Wednesday, April 22, 2009


It was too hot. That was the one thing that was clear. Too hot to be out here. Too hot to be wearing three layers of clothing: the undershirt, the sweater and the regulation light blue button up shirt. Too hot to be standing and trying in any way that he could think of to look like he was actually busy, like he was concentrating on something, like there were urgent things for him to do, and not look like he was just standing, out here in the sidewalk, away from the cool tranquility of the museum’s halls, and just standing here alone, bored, tired, with nothing to do but look at the people walking by him, maybe wondering who had decided to put this poor guy out here, what was he there for really?
He stretched lightly and looked around, up at the slight rustle of the branches, at the tall thick trees that lined the sidewalk across from where he stood. He tried to remind himself that there was a reason that they wanted someone out here, as invisible as it might be, he was indeed serving a purpose. It was a strange dangerous world and right when you least expected it, something terrible could happen, and maybe then, they would say: “Thank god he was there to stop it! Imagine if he had been inside?” and then he would smile full of pride and they would look at him with great admiration, because he had saved them all, and that had been his role all along, if they had only paid attention, if they had only known, if they had only followed the chain of logic all the way to its conclusion.
He was in fact ready to be a hero. If the opportunity didn’t come along, well, that wasn’t really his fault. If he was truly ready, then he was a hero already, and as he thought of that, he puffed his chest out and ran his hand over his shaved head and breathed a little easier.

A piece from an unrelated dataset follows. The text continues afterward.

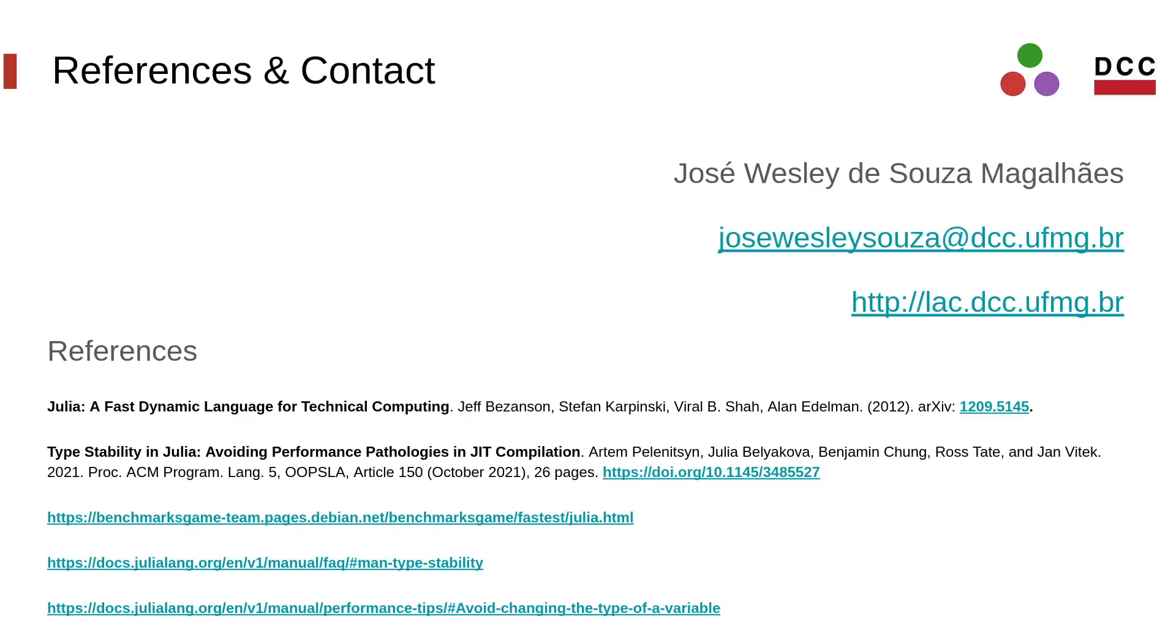So, that was today's talk. We saw how writing type stable functions in Julia can make your code run faster. Feel free to write me with any questions and comments. You can find the reference and the links below in the description of this video. Thanks for watching.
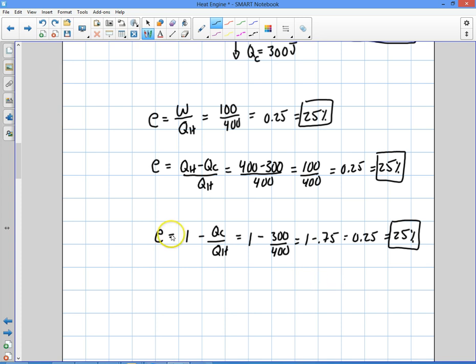That's all for this video on calculating the efficiency of an engine. Check back for more videos — I'll be talking about the Carnot cycle and also how refrigerators and air conditioners work.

Just then, three girls in bicycles were about to cross the street, just a few feet away from him. He looked over at them. One had long curly brown hair and another had short blonde hair and a third was a little full figured but still pretty cute and he smiled at them and nodded but they looked right through him, as if he was a pillar on a building, just another fixture of the landscape. He looked right at them, letting them know that he was an avatar for authority, for the one authority that ruled over this little land of trees, and buildings, and displays, and air conditioning, and he was not smiling anymore, but still they didn’t look at him, even when they rolled by, so very close to him and even when they stopped their bikes only a few feet away.

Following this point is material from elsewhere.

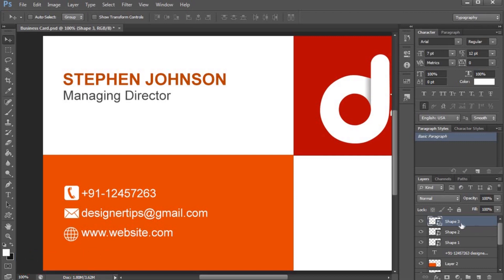If we click the right button, repeat with the left button. We will select the left button and press the right button.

They were discussing where to go next, and how much longer to keep on riding, and he could hear it all from where he was standing, and he was right there, so close, and he wondered if maybe they were looking at him off the corner of their eyes, maybe they were having wild thoughts about this handsome man in uniform that was standing right there, so close to them, so available, maybe their thoughts were not unlike the thoughts he had, but they wouldn’t dare to look straight at him, because he was so strong, because he was so powerful. If that was the case, then that was ok, he could understand that, he could see that he could be pretty intimidating, what with his blue uniform, and his radio, which crackled every once in a while, and his shaved head, and his strong muscular body. It was not in vain that he went to they gym four times per week, and he knew that any girl that was truly a girl would notice, even through the three layers of clothing that were making him sweat too much.

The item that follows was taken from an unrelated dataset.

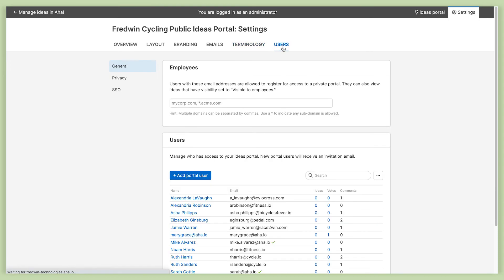And then finally, you can manage exactly who has access to your portal. You can also put privacy settings in place and enable SSO.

Just then he worried that maybe they had noticed the sweat on his forehead, even though they seemed to be looking up the street and talking amongst themselves. He didn’t want to disgust them, not at all. He reached up and wiped some of the sweat with his long sleeve and he was surprised to realize how much he was truly sweating. It was coming down his forehead in big long drops, and, if the girls were looking at all, they would have surely noticed. Maybe that was why they were now going away. He could see their asses pressed against the bicycle seats as they rolled up the sidewalk away from him, and he wondered if it was the sweat that finally had made them go away, if it was the sweat that had disenchanted them with the handsome guard that stood before them, keeping them safe.
If it had been the sweat, at least he could rest easy in the thought that it wasn’t his fault. He did not choose the uniform, he did not choose to stand out here, he did not choose the shift or the hours. He was just a man ready to be a hero and he would go wherever they told him to go. He couldn’t expect these girls to understand that. And it was just too hot, too hot to be out here.